The emergence of cloture (1917–1969)
In 1917, during World War I, at the urging of President Woodrow Wilson, the Senate adopted a rule by a vote of 76–3 to allow cloture to be used to limit debate on a measure. This took place after a group of twelve anti-war senators managed to kill a bill that would have allowed Wilson to arm merchant vessels in the face of unrestricted German submarine warfare.
Under the new rule, at any time while a measure was pending, a senator could present a cloture motion signed by 16 senators. One hour after the Senate convened on the second calendar day of session following the filing of the cloture motion, the business then pending would be set aside, and the presiding officer would put to the Senate the question, "Is it the sense of the Senate that the debate shall be brought to a close?" If two-thirds of senators present and voting voted in favor of cloture, the measure would become unfinished business to the exclusion of all other business; no dilatory motions or amendments would be allowed; all amendments would be required to have been submitted before the cloture vote; and each senator would be limited to one hour of debate (which must be relevant to the clotured measure).

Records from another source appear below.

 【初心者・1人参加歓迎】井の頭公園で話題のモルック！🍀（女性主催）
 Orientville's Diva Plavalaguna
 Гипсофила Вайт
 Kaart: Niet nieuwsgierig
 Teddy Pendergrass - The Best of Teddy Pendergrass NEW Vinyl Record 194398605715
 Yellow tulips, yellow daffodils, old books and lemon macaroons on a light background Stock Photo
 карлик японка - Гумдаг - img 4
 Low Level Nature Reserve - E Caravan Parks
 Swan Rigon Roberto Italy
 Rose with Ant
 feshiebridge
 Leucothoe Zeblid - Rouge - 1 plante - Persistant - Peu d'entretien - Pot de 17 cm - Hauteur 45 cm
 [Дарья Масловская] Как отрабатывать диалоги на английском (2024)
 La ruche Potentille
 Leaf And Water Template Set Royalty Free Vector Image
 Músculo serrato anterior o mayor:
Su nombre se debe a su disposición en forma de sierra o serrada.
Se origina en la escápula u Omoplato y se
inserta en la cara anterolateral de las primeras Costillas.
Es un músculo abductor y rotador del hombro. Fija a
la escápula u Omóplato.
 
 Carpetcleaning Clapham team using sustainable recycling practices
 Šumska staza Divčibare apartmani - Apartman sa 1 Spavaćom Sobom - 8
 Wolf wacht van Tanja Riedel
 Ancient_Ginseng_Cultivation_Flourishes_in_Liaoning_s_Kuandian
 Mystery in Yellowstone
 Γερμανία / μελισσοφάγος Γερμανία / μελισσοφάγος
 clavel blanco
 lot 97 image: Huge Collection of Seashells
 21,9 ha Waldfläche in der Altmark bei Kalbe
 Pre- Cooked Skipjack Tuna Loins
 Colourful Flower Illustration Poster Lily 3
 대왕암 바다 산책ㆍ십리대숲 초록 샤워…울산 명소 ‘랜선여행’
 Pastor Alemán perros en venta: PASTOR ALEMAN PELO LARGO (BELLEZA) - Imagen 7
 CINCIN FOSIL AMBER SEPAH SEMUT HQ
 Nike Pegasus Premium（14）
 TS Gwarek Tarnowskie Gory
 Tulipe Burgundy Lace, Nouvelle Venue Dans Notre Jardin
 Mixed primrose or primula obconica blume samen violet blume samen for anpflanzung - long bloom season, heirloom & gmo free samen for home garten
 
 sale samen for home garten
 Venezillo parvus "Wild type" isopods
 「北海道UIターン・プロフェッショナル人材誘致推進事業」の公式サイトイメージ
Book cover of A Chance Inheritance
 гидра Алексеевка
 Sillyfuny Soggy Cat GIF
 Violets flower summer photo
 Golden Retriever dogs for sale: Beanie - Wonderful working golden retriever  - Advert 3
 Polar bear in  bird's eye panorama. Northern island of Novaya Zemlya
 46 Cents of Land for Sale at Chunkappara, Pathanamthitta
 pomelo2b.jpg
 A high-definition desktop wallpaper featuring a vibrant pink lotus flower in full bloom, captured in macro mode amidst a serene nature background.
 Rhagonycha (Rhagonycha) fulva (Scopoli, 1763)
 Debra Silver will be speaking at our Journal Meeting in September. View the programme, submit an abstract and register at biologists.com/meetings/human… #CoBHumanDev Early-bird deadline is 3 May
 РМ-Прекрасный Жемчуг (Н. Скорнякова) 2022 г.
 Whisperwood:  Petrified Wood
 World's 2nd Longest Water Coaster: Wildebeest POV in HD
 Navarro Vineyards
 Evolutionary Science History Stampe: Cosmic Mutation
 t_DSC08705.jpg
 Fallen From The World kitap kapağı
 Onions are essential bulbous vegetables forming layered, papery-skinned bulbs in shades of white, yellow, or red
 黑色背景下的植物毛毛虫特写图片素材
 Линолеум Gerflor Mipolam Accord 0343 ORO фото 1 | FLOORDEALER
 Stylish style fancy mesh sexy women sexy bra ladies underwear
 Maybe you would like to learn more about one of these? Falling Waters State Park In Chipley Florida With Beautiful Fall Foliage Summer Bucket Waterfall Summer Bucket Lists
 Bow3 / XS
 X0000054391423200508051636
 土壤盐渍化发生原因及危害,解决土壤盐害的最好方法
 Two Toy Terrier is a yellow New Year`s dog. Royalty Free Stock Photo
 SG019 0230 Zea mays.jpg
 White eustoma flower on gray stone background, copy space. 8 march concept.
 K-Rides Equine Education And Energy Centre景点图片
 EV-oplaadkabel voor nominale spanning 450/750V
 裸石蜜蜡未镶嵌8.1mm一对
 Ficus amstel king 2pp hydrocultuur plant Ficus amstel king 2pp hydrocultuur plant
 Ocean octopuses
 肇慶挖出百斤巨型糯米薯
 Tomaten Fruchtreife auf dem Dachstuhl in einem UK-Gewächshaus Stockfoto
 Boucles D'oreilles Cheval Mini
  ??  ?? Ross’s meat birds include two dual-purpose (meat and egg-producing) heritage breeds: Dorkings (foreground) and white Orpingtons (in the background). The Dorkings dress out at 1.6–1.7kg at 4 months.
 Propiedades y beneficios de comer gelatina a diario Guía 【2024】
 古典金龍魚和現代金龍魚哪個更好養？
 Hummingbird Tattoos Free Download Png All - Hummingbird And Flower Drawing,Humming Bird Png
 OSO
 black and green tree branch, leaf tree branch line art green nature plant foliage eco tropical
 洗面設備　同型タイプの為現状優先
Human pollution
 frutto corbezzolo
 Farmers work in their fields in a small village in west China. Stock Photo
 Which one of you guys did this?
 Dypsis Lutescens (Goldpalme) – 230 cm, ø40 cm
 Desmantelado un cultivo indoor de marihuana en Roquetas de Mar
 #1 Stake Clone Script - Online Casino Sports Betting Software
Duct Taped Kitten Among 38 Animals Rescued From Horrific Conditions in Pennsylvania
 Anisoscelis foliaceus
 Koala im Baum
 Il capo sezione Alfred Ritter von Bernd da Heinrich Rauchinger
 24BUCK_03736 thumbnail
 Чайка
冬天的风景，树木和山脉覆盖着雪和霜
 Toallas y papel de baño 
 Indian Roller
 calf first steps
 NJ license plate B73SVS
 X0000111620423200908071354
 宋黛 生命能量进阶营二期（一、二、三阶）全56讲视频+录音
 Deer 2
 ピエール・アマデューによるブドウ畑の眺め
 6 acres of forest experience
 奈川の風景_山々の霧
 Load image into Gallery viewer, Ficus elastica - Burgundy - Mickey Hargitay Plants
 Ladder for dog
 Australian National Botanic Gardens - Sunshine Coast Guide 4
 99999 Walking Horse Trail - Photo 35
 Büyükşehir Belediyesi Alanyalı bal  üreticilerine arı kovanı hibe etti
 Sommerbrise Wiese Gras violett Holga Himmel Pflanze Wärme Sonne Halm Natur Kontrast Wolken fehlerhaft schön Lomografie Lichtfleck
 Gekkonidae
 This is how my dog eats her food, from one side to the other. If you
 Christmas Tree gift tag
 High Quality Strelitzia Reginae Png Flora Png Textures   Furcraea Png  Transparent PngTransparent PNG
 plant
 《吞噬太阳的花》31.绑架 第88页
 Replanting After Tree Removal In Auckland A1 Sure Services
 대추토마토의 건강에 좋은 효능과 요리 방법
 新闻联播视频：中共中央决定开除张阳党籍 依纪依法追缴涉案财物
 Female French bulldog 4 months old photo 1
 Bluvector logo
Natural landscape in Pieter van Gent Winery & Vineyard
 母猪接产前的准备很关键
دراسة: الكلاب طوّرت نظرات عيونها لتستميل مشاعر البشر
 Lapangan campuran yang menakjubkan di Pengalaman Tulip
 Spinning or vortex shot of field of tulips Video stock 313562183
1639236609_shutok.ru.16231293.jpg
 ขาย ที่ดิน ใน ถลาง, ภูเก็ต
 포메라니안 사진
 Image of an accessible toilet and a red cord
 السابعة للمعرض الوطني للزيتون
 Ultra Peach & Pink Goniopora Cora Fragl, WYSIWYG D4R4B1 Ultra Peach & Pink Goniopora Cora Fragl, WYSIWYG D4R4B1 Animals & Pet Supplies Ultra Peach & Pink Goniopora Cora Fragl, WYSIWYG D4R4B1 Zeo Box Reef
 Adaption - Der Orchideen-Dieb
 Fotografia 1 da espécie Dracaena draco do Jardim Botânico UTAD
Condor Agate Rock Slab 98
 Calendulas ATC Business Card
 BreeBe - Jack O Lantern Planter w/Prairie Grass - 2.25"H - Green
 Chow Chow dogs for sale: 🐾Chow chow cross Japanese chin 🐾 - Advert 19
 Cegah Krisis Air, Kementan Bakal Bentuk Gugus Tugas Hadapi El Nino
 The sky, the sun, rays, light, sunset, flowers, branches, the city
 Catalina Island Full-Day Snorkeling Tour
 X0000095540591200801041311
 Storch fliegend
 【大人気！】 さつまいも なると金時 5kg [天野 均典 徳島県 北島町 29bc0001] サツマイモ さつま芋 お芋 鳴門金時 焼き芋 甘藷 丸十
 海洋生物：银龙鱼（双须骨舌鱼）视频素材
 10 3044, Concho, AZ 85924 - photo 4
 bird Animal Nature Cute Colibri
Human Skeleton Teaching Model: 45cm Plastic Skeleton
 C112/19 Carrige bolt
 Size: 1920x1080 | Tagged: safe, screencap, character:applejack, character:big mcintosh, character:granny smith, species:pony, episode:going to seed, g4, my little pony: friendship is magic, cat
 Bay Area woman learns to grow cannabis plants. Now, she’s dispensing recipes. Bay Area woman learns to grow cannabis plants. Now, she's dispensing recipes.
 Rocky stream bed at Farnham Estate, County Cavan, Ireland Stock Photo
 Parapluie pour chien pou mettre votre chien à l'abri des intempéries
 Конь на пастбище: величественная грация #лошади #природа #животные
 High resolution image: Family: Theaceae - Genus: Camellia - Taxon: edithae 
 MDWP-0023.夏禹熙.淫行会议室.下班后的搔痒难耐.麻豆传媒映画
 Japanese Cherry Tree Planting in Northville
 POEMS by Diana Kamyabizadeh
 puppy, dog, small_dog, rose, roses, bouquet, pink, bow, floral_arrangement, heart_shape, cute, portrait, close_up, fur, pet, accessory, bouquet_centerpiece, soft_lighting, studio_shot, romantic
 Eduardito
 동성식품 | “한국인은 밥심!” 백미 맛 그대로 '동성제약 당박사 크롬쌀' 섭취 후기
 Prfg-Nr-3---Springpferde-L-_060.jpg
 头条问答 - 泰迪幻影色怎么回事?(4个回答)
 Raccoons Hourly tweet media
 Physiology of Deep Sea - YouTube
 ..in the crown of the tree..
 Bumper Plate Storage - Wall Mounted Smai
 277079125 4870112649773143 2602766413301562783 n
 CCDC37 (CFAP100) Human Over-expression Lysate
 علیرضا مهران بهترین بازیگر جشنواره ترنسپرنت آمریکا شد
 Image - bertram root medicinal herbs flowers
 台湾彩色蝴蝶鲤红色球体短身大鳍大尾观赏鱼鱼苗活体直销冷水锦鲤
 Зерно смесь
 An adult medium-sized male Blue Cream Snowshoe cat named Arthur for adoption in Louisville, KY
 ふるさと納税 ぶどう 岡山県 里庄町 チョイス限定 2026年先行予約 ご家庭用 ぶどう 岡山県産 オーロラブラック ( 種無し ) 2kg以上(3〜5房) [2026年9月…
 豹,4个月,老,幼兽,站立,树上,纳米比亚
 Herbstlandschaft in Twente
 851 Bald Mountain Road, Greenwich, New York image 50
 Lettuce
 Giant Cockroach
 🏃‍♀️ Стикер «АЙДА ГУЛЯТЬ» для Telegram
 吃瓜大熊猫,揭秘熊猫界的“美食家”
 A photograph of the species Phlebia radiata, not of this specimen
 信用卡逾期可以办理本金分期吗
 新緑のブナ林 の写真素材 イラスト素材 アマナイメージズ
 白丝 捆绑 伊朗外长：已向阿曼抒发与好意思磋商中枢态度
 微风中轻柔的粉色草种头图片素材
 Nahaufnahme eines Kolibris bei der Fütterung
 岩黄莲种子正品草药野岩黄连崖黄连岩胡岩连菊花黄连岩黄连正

The first cloture vote occurred in 1919 to end debate on the Treaty of Versailles. Although cloture was invoked, the treaty was then rejected against the wishes of the cloture rule's first champion, President Wilson. In the 1930s, Senator Huey Long of Louisiana used long filibusters to promote his populist policies. He recited Shakespeare and read out recipes for "pot-likkers" during one of his filibusters, which occupied 15 hours of debate.